#### [WHAT IS BEING ASKED]
Write out every line exactly, from the first line of the records below through the line that contains "Blick auf das Oberschloss Kranichfeld".
[PROVIDED DATA — start]
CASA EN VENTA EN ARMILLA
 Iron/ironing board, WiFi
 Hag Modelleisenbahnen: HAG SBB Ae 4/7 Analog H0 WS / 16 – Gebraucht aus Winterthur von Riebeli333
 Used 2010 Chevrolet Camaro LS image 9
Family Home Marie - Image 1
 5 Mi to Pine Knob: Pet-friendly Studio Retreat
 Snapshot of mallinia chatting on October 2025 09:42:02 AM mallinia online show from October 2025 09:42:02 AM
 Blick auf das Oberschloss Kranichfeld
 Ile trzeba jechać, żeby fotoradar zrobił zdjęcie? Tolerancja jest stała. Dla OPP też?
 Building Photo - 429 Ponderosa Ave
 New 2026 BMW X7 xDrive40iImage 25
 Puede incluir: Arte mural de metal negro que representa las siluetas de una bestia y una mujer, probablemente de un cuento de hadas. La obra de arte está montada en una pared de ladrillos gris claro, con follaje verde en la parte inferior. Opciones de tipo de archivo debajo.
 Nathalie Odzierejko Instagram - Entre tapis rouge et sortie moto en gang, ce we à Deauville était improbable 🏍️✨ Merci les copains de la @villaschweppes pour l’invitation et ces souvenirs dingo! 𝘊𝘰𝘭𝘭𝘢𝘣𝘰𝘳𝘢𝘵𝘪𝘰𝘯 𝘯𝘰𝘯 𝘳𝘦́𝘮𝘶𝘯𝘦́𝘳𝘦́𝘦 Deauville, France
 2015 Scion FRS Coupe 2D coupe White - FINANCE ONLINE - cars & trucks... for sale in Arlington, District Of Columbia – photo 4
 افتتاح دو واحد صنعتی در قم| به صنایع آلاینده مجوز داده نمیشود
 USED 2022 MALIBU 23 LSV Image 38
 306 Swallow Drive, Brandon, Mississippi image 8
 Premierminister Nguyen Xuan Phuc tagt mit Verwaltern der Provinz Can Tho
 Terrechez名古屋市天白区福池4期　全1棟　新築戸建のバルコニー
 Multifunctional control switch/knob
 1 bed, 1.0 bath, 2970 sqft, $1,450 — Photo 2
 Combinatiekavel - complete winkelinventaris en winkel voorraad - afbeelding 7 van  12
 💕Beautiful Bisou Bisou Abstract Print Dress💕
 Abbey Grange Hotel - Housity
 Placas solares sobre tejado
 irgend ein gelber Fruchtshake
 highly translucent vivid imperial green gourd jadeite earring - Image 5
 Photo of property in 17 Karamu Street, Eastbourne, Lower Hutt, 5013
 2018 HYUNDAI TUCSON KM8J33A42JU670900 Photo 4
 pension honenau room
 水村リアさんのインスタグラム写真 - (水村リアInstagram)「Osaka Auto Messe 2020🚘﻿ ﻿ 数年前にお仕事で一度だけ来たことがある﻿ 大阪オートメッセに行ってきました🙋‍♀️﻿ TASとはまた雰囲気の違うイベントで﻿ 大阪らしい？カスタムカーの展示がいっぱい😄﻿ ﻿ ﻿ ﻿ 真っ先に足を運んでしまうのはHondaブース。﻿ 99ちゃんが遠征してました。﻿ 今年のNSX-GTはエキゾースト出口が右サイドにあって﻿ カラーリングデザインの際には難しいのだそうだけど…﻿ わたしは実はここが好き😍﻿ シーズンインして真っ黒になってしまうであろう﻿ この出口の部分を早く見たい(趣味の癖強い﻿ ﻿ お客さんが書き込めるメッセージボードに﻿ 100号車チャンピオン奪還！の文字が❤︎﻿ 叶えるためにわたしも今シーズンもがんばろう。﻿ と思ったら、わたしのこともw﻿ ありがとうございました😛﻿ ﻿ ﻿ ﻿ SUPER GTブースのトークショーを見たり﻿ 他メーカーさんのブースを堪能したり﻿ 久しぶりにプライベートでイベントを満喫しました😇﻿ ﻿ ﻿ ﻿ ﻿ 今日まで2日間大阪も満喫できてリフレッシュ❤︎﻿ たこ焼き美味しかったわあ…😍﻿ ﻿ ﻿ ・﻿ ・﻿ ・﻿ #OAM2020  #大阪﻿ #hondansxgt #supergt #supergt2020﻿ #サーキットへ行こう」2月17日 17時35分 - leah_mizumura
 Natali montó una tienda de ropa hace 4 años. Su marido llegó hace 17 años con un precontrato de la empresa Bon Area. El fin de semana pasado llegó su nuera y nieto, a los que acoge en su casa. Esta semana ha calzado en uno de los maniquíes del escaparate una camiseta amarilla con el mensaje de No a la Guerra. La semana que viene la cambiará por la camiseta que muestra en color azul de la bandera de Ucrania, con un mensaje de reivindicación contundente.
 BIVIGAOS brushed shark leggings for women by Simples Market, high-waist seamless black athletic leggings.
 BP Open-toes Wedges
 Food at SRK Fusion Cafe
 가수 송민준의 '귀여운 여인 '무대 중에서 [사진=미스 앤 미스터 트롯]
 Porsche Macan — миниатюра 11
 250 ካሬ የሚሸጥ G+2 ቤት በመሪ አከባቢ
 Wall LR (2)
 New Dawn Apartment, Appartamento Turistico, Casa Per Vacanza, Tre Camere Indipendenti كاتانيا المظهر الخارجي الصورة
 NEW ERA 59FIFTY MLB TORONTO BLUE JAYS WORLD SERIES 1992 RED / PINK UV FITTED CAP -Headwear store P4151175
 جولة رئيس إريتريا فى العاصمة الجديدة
[PROVIDED DATA — finish]
#### [RESULT BELOW]
CASA EN VENTA EN ARMILLA
 Iron/ironing board, WiFi
 Hag Modelleisenbahnen: HAG SBB Ae 4/7 Analog H0 WS / 16 – Gebraucht aus Winterthur von Riebeli333
 Used 2010 Chevrolet Camaro LS image 9
Family Home Marie - Image 1
 5 Mi to Pine Knob: Pet-friendly Studio Retreat
 Snapshot of mallinia chatting on October 2025 09:42:02 AM mallinia online show from October 2025 09:42:02 AM
 Blick auf das Oberschloss Kranichfeld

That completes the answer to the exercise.